Exercise details ▸ Copy all lines in the data that contain the string "with".
** Record set follows **
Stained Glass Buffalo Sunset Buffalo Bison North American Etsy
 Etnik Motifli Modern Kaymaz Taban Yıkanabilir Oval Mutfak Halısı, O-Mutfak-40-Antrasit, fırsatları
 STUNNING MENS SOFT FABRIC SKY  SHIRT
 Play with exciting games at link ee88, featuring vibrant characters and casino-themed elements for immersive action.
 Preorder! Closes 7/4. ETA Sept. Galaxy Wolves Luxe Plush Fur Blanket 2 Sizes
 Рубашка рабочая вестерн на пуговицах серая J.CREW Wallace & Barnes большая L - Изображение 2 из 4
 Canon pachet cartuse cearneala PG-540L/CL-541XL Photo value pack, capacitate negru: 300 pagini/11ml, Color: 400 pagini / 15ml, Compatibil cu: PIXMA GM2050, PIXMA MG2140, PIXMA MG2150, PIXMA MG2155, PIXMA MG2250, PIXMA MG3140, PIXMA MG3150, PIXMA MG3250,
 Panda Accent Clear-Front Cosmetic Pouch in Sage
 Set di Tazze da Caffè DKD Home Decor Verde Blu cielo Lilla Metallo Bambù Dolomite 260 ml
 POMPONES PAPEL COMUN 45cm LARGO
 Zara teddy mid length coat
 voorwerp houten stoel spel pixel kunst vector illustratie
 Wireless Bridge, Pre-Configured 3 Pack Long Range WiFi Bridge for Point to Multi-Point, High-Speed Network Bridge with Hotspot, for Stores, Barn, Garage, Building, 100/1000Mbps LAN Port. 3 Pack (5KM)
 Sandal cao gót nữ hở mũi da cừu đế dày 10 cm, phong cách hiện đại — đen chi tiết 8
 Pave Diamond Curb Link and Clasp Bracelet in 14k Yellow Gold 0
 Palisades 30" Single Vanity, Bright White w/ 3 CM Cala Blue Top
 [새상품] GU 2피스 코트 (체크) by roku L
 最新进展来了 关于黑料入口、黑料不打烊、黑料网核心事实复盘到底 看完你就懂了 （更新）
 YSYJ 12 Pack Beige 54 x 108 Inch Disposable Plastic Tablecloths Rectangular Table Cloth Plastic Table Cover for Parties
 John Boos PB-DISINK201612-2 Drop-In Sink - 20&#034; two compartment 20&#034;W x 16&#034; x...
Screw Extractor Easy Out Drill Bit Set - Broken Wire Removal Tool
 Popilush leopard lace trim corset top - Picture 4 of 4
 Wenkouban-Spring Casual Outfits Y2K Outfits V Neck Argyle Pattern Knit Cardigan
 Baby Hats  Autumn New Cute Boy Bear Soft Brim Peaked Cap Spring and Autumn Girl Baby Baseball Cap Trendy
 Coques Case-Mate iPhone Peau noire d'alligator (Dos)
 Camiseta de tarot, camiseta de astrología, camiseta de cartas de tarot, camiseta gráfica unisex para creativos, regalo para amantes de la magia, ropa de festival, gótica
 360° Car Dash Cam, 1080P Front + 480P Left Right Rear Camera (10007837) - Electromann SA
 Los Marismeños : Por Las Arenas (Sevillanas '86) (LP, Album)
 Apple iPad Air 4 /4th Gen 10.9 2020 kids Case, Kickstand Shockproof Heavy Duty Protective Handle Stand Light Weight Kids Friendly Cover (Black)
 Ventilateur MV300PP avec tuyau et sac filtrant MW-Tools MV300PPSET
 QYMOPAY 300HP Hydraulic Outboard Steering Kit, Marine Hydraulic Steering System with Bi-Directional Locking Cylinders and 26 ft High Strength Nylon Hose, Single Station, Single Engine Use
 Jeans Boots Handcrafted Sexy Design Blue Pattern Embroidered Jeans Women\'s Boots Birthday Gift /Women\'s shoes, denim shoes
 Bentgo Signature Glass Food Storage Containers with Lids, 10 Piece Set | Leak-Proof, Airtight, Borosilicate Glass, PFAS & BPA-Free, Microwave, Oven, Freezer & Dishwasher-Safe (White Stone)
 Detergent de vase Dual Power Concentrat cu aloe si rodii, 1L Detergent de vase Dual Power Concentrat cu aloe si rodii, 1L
** End of Record set **
Task result ▸
 Play with exciting games at link ee88, featuring vibrant characters and casino-themed elements for immersive action.
 Wireless Bridge, Pre-Configured 3 Pack Long Range WiFi Bridge for Point to Multi-Point, High-Speed Network Bridge with Hotspot, for Stores, Barn, Garage, Building, 100/1000Mbps LAN Port. 3 Pack (5KM)
 QYMOPAY 300HP Hydraulic Outboard Steering Kit, Marine Hydraulic Steering System with Bi-Directional Locking Cylinders and 26 ft High Strength Nylon Hose, Single Station, Single Engine Use
 Bentgo Signature Glass Food Storage Containers with Lids, 10 Piece Set | Leak-Proof, Airtight, Borosilicate Glass, PFAS & BPA-Free, Microwave, Oven, Freezer & Dishwasher-Safe (White Stone)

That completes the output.